See <file:///usr/share/doc/gcc-7/README.Bugs> for instructions.
Target //native_client:libdeepspeech.so failed to build
INFO: Elapsed time: 12337.005s, Critical Path: 11254.53s
INFO: 2178 processes: 2178 local.
FAILED: Build did NOT complete successfully
FAILED: Build did NOT complete successfully
The command ‘/bin/sh -c bazel build --workspace_status_command=“bash native_client/bazel_workspace_status_cmd.sh” --config=monolithic --config=cuda -c opt --copt=-O3 --copt="-D_GLIBCXX_USE_CXX11_ABI=0" --copt=-mtune=generic --copt=-march=x86-64 --copt=-msse --copt=-msse2 --copt=-msse3 --copt=-msse4.1 --copt=-msse4.2 --copt=-mavx --copt=-fvisibility=hidden //native_client:libdeepspeech.so --verbose_failures --action_env=LD_LIBRARY_PATH=${LD_LIBRARY_PATH}’ returned a non-zero code: 1

If there is any mistake, hope somebody correct my mistake. Thank you.

How much memory do you have ? That feels like OOM.

I had set 2GB RAM to the Docker, and my PC have 32GB RAM.

So i set 8GB RAM and build it again?

I had built several times, but the error are not the same.

I will increase the memory and try it again first. If i meet the error again, i will update the post here.

Thank you your reply. Thank you.

CUDA builds with Bazel are really intensive, 8GB might be barely enough. Please explore bazel build docs to limit resources: https://docs.bazel.build/versions/master/user-manual.html

Thank you lissyx,

I increase the memory to 16GB and i build it successfully in 1.5 hours.

Thank you very much.

When I execute the command,

./DeepSpeech.py --train_files …/data/CV/zh-HK/clips/train.csv --dev_files …/data/CV/zh-HK/clips/dev.csv --test_files …/data/CV/zh-HK/clips/test.csv

I got the below error message.

Traceback (most recent call last):
File “./DeepSpeech.py”, line 7, in
from deepspeech_training import train as ds_train
File “/usr/local/lib/python3.6/dist-packages/deepspeech_training/train.py”, line 30, in
from .evaluate import evaluate
File “/usr/local/lib/python3.6/dist-packages/deepspeech_training/evaluate.py”, line 26, in
check_ctcdecoder_version()
File “/usr/local/lib/python3.6/dist-packages/deepspeech_training/util/helpers.py”, line 53, in check_ctcdecoder_version
rv = semver.compare(ds_version_s, decoder_version_s)
File “/usr/local/lib/python3.6/dist-packages/semver.py”, line 452, in compare
v1, v2 = parse(ver1), parse(ver2)
File “/usr/local/lib/python3.6/dist-packages/semver.py”, line 74, in parse
raise ValueError("%s is not valid SemVer string" % version)
ValueError: …/…/VERSION is not valid SemVer string

I find the post which related to the error message, but seem not the same satiation.
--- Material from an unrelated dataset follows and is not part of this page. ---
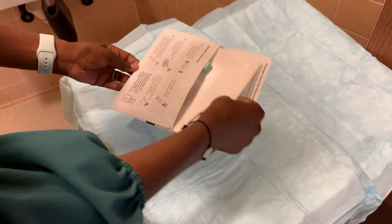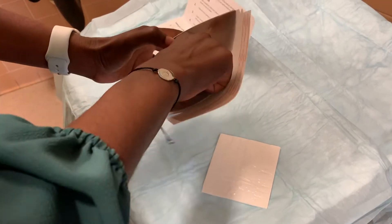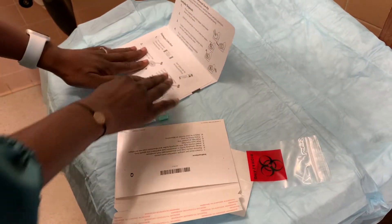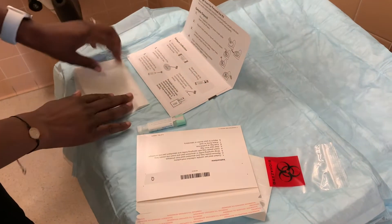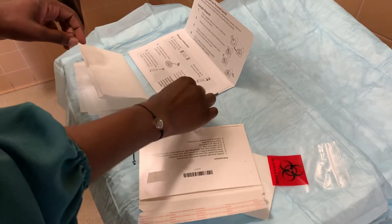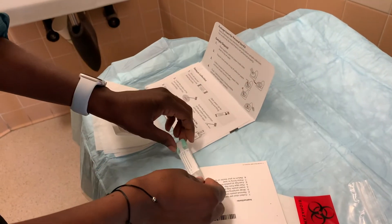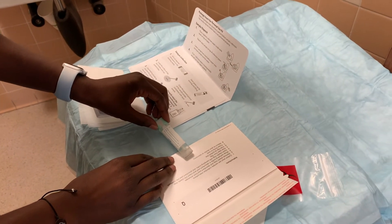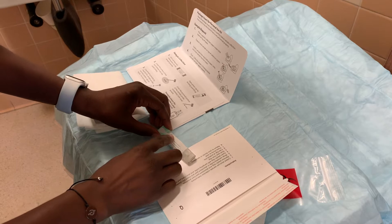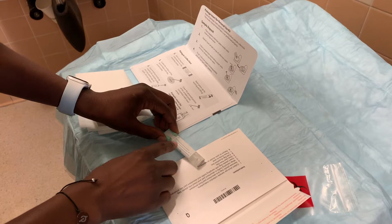When you get it, you'll want to open it and take out all of the contents. Then you'll want to take this container and write your name, your date of birth, and the date you're collecting the sample.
Should I clone the source code from repository and rebuild it again?

Hi @axcn, were you able to solve the issue?
If yes, could you please share the steps that you took?
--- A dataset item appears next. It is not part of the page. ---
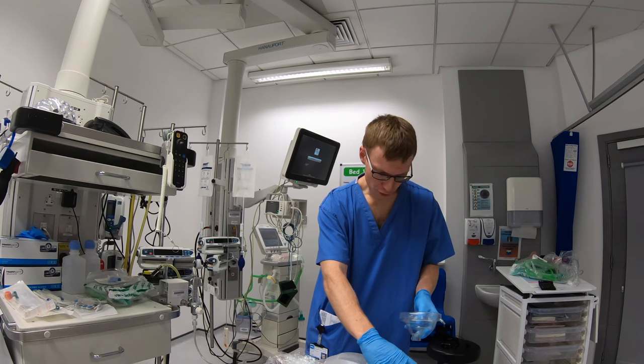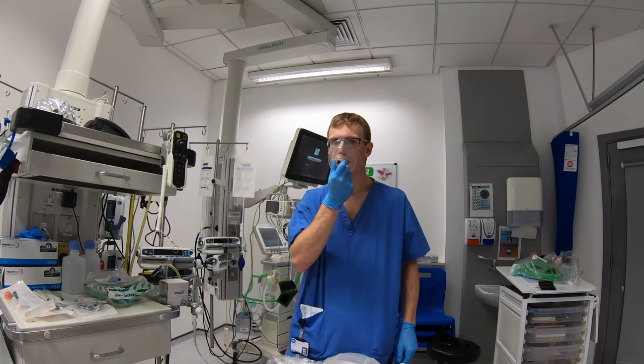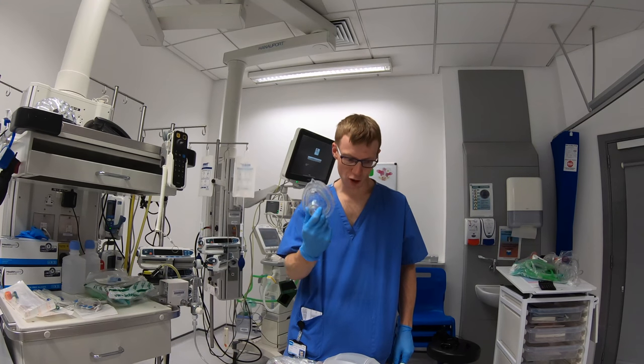So the first thing I'm going to do is just take the face mask — and it's very hard to breathe through. I've noticed this is quite hard to breathe from the top.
I am getting the same issue.

Can you elaborate please ? What makes you in a different situation ? We can’t spend our time digging in other post and doing divination on your situation …

@axcn @Vibhav_Anand please:

  • make sure you git cloned proper tree
  • make sure you have VERSION file at the root, and that it is readable
  • make sure you have setup properly the virtualenv

I edit the VERSION file in /usr/local/lib/python3.6/dist-packages/deepspeech_training/
from

…/…/VERSION

to (the version number of DeepSpeech)

0.7.0

to ignore the error.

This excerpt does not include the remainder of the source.